Stored dataset items:
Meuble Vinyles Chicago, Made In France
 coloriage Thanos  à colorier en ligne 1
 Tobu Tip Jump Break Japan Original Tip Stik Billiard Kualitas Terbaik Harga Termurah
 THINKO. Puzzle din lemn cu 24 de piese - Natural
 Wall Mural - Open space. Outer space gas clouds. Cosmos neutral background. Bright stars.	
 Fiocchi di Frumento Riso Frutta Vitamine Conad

...

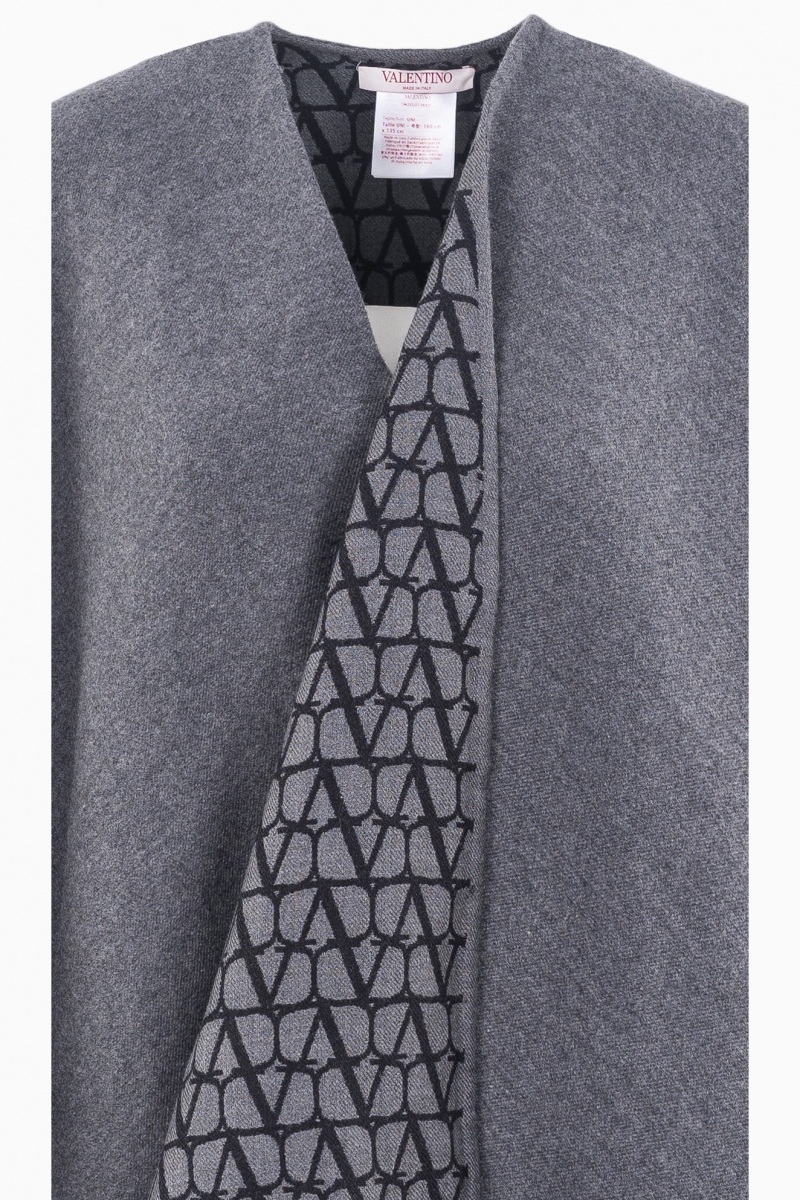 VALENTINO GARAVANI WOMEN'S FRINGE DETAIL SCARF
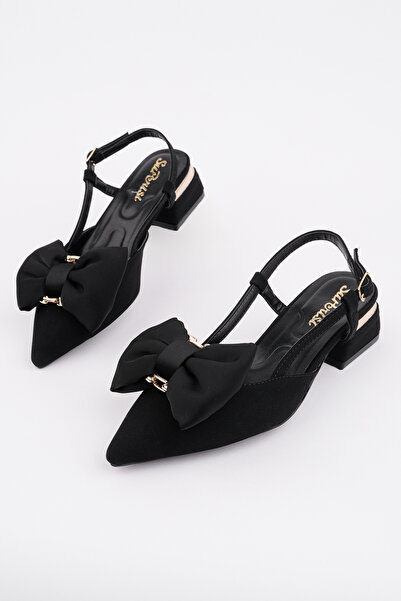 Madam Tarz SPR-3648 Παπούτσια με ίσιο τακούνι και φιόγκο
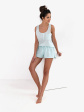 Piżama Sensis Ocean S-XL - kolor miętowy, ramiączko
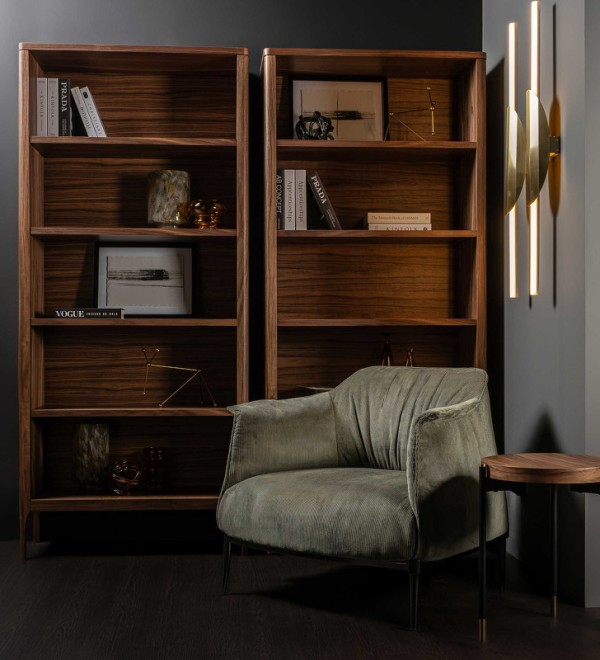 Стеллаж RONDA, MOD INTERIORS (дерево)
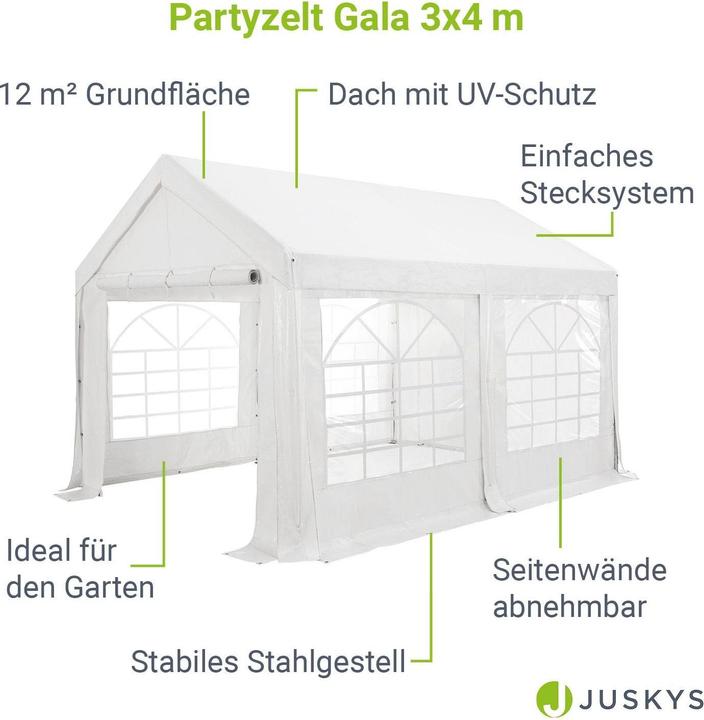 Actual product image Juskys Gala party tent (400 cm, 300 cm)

**Aim of the task**
Give the exact lines, and only those, from the line containing "colorier en ligne 1" through the line containing "Fiocchi di Frumento" in the entries above.

**Your response**
 coloriage Thanos  à colorier en ligne 1
 Tobu Tip Jump Break Japan Original Tip Stik Billiard Kualitas Terbaik Harga Termurah
 THINKO. Puzzle din lemn cu 24 de piese - Natural
 Wall Mural - Open space. Outer space gas clouds. Cosmos neutral background. Bright stars.	
 Fiocchi di Frumento Riso Frutta Vitamine Conad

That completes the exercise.